The Soviet and French Communist parties agreed today that French nuclear forces should be counted in calculating the nuclear balance in Europe, the Soviet news agency Tass said today.

A communique released after a meeting here between Soviet party leader Yuri Andropov and French party chief Georges Marchais "to the degree that France is a member of the Atlantic alliance and must meet its obligations, its nuclear forces must be taken into consideration in this framework, in the overall calculation of forces in Europe."

The communique supported the French view when it said that the two parties felt France's nuclear force "could not be the subject of negotiations aiming to reduce them."

The question of whether France's and Britain's independent nuclear deterrent forces should be taken into consideration has been one of the trickiest hurdles preventing progress at the Geneva arms reduction talks.

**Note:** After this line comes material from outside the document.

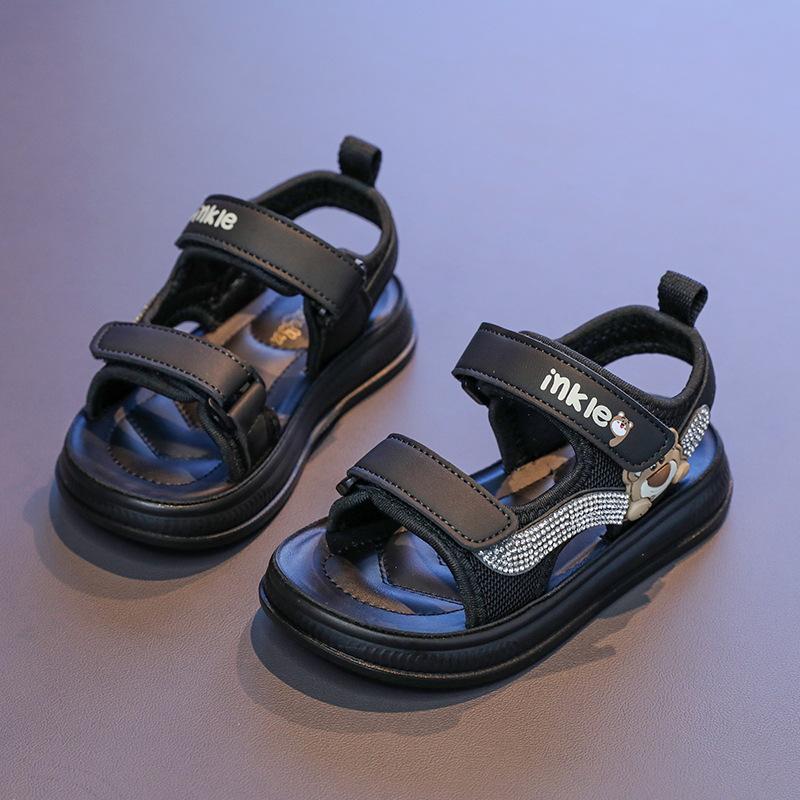 Children's open-toe beach shoes2026New Spring and Summer Rhinestone Girls' Sandals Cute Bear Velcro Children's Shoes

The Soviet Union insists that those European missiles should be counted as part of the North Atlantic Treaty Organization's European arsenal, while the United States insists that these forces are independent and not under NATO control.

A Soviet delegate pointed out: "The French nuclear arsenal must be counted in calculating the forces present, but this does not mean that we demand a reduction of this arsenal." He added that the moment might come "to ask the question" about French forces if "concrete measures were taken toward progressive disarmament," the communique said.

But this should be in line with the French party proposed to "open the negotiations to all concerned governments," to adopt measures aimed at reducing "weapons to the lowest level while guaranteeing a balance of forces and the security of every nation and every state."

The joint communique was issued following an earlier apparent disagreement between Andropov and Marchais over the missiles when the French party delegation denied a report by Tass, saying it had attributed to Marchais "remarks he never made."

Tass, in a report it later canceled, had said Marchais felt "the main danger [in the current international situation] is from the intention of the American imperialists to deploy their new missiles in Europe."

The French party said there was "increasing alarm" at the possibility that the U.S. missiles would be installed, but that Marchais advocated "a balanced reduction of weapons."

Tass, in an unusual move, asked its clients "to cancel the dispatch on the meeting of the Soviet and French Communist Party delegations."

Tass replaced the earlier report with the joint communique issued by the two delegations.